## [SUPPLIED DATA]
--*--
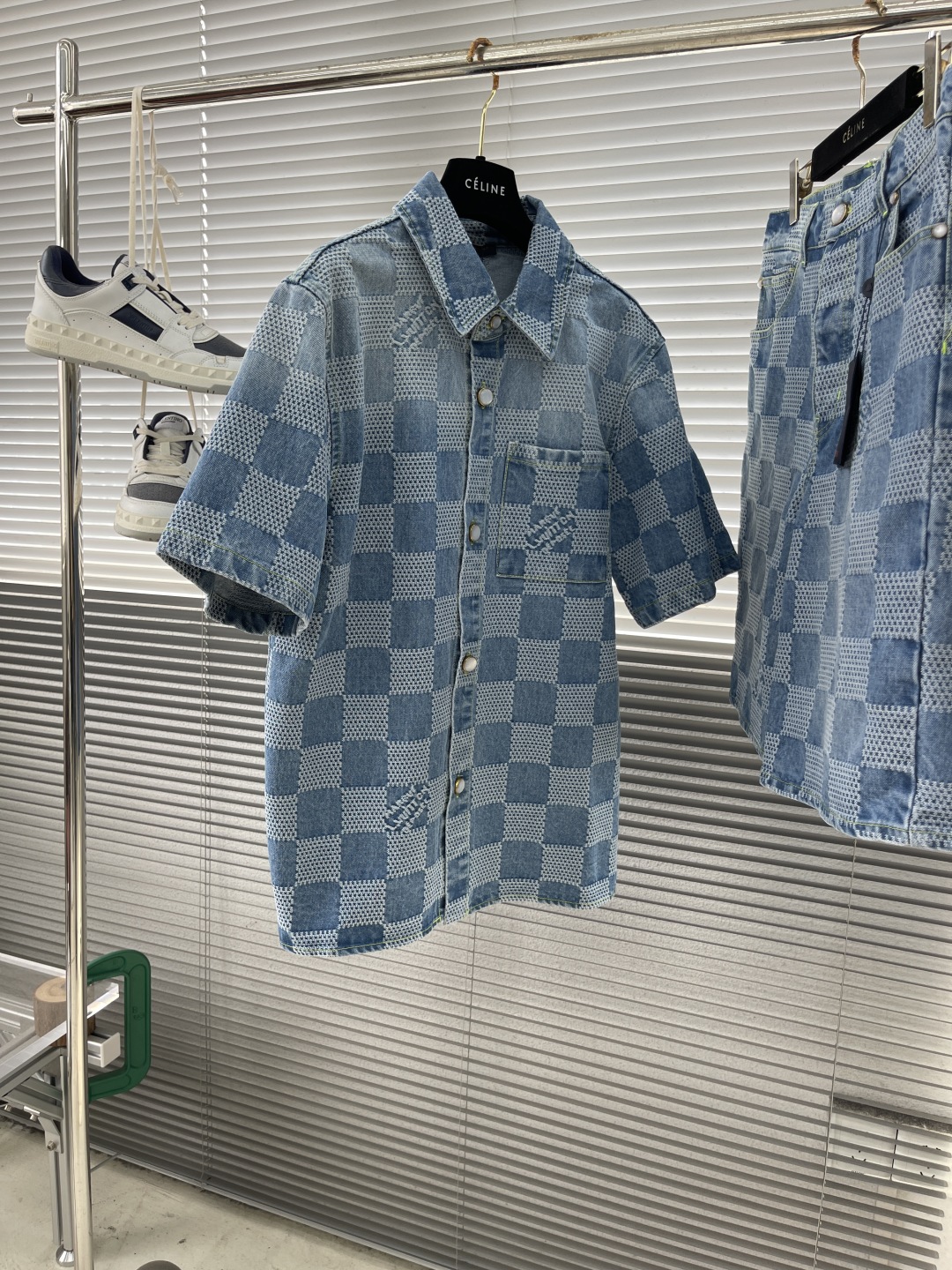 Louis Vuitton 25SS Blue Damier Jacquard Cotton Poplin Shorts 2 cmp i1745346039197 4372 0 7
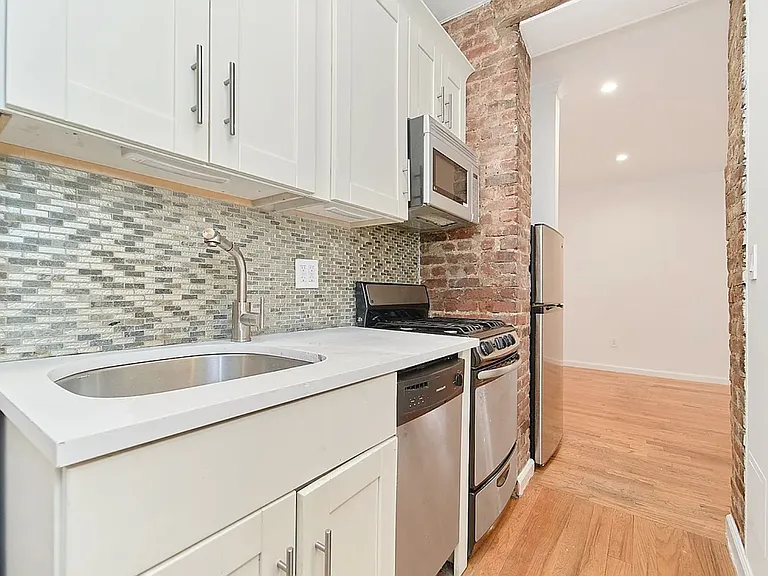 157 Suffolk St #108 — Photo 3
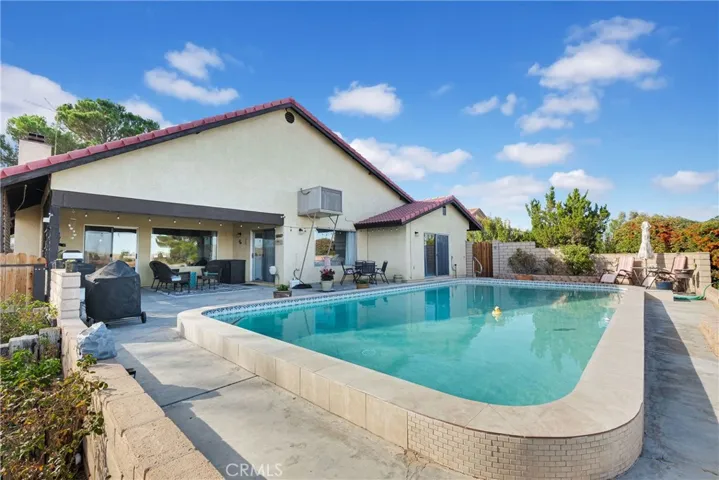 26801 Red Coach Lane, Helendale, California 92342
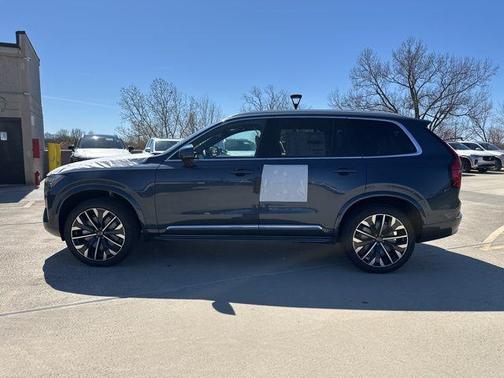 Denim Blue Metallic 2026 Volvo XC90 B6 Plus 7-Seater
--*--
## [TASK GOAL]
Return the data verbatim, leaving out the pictures it holds.

## [RESULT BELOW]
 Louis Vuitton 25SS Blue Damier Jacquard Cotton Poplin Shorts 2 cmp i1745346039197 4372 0 7
 157 Suffolk St #108 — Photo 3
 26801 Red Coach Lane, Helendale, California 92342
 Denim Blue Metallic 2026 Volvo XC90 B6 Plus 7-Seater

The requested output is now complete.